Thursday, April 15, 2021

Development - LED Control #1

After crashing the entire PIC32 firmware with an innocuous change ("I did not touch that piece of code!") that hung me up for a few days, I made progress today.  I appear to be able to control all 9 of the LEDs that are connected to the LP5569.  Have not tested all of the slots, but the five I have tested all work correctly.  As an added bonus I can set them from the Android APP and change them on the PC and vice a versa.  And the innocuous change cleanup has also improved the serial interface between the PIC32 and the BT module.  Thus for now it all works as planned.  As an unforeseen bonus, I have managed to keep the BT messages down to 32 bits for now.  
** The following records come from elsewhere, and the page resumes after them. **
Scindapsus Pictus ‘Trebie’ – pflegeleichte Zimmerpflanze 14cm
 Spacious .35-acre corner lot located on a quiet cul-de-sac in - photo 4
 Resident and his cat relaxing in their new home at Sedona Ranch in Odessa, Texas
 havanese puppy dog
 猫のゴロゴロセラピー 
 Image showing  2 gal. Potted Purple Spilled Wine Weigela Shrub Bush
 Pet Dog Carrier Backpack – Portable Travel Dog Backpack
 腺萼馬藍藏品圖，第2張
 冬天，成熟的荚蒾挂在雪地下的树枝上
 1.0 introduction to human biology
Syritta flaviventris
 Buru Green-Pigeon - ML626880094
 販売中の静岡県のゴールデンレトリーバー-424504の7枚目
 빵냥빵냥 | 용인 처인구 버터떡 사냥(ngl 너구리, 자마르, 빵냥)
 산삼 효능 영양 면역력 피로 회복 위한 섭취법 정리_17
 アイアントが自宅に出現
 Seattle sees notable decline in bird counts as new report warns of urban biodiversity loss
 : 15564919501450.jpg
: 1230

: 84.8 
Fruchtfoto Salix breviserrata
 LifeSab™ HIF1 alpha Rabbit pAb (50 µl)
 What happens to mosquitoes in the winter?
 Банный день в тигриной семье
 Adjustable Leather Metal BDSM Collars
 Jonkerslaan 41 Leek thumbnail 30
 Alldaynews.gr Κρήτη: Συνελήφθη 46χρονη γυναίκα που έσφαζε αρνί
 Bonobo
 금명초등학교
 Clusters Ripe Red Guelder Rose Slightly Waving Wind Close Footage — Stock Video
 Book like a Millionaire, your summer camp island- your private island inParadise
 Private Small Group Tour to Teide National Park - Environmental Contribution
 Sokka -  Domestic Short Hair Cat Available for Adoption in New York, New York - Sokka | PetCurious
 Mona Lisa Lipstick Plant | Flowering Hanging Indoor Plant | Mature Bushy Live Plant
My next task is the Android GUI.  On the PC, screen space is almost limitless, but this is not true on a phone.  I started by expanding the design of the original GUI.  One block of controls (radio buttons) that select/show the state of each LED.  But on the smaller phones I have, 10 did not fit, I only had four LEDs  before.  I suppose I could reduce them down some more, but then any one with fingers bigger than a baby would have a hard time selecting the correct radio button.  The two images below show the screen.  The second image shows the screen scrolled up to reveal LED 10, which is controlled differently than the other 9. Direct PIC control instead of I2C to the LP5569.


 This format does not allow for the brightness value (PWM setting) of the LED, which can be applied to the ON, BURST, CYCLE states.  This is a value from 1 to 100.  On the PC this is done with a slider.  I will probably only use steps of 10 for this.  When I first tested this, there was no discernible change intensity with steps less than 10.

One of the ideas I am thinking about is to place the status of all 10 LEDs (state and brightness value) down the right side.  Touching on the display over an LED Status will cause a single display similar to one of the above along with a slider to appear on the left side.  You can then set the new state and change the brightness value.  

While this idea will take less screen space, it does not provide the quick access that the current format does (multiple presses vs one press).  But you get it all LEDs on one screen with no scrolling.  I guess I need to prototype this out and see how it looks and performs.